We looked at the garbage floating by and Percy snatched an old cigarette lighter.

No way, I thought.

He flicked the lighter. It sparked. A tiny flame appeared, right there at the bottom of the Mississippi.

I grabbed a soggy hamburger wrapper out of the current and immediately the paper turned dry. Percy lit it with no problem. As soon as I let it go, the flames sputtered out. The wrapper turned back into a slimy rag. Weird.

But the strangest thought occurred to me only last: I was breathing. I was underwater, and I was breathing normally. Poseidon had blessed me!

We stood up, thigh-deep in mud. My legs felt shaky. My hands trembled. I should've been dead. The fact that I wasn't seemed like...well, a miracle. I thought I heard a woman's voice, a voice that sounded a bit like Sally: Percy and Karlee, what do you say?

"Um...thanks." Underwater, I sounded like I did on recordings, like a much older kid. "Thank you, Poseidon."

Percy followed my lead."Thank you...Father

No response. Just the dark drift of garbage downriver, the enormous catfish gliding by, the flash of sunset on the water's surface far above, turning everything the color of butterscotch.

Why had Poseidon saved me? I wasn't even his child. So I'd gotten lucky a few times before. Against a thing like the Chimera, I had never stood a chance. Those poor people in the Arch were probably toasted. I couldn't protect them. I was no hero.

Fump-fump-fump. A riverboat's paddlewheel churned above us, swirling the silt around.
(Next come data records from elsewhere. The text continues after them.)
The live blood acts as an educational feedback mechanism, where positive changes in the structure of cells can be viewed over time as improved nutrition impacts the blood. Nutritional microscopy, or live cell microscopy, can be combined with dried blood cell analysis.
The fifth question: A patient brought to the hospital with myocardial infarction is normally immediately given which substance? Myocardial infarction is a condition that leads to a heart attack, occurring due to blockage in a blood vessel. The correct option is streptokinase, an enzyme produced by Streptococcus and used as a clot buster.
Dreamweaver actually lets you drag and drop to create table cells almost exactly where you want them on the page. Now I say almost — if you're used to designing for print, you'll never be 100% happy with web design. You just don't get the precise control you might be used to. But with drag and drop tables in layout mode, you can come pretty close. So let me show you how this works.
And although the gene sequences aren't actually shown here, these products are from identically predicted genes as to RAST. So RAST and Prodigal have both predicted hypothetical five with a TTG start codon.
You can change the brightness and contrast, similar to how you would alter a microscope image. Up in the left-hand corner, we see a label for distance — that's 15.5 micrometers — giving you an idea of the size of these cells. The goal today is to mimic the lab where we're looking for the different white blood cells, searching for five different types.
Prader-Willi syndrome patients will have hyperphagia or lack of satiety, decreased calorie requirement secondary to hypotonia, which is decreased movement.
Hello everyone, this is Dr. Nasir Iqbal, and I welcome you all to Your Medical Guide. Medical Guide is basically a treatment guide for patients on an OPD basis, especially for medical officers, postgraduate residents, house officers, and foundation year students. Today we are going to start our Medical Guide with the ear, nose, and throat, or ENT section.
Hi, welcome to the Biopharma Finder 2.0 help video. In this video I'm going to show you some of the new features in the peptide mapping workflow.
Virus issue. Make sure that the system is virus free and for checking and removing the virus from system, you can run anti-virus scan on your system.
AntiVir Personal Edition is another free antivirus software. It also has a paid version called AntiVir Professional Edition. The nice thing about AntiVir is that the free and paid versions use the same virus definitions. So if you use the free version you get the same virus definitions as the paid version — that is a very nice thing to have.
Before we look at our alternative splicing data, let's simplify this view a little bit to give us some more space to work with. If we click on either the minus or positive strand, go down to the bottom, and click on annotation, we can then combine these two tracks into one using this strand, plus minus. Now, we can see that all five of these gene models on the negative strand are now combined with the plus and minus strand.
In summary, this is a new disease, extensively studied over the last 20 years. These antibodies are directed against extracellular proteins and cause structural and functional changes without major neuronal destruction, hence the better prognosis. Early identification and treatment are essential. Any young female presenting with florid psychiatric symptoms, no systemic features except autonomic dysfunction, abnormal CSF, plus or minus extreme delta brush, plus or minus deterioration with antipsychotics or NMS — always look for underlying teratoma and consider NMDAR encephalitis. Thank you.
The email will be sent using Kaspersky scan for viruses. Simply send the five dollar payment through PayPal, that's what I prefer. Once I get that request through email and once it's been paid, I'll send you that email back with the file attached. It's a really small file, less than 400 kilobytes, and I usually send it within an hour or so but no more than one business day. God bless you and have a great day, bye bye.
There, not five feet in front of us was Percy's sword, its gleaming bronze hilt sticking up in the mud.

I heard that woman's voice again: Percy, take the sword. Your father believes in you. This time, I knew the voice wasn't in our heads. We weren't imagining it. Her words seemed to come from everywhere, rippling through the water like a dolphin sonar. Percy and I looked at each other.

"Where are you?" Percy called aloud.

Then, through the gloom, we saw her-a woman the color of the water, a ghost in the current, floating just above the sword. She had long billowing hair, and her eyes, barely visible, were green like Percy's.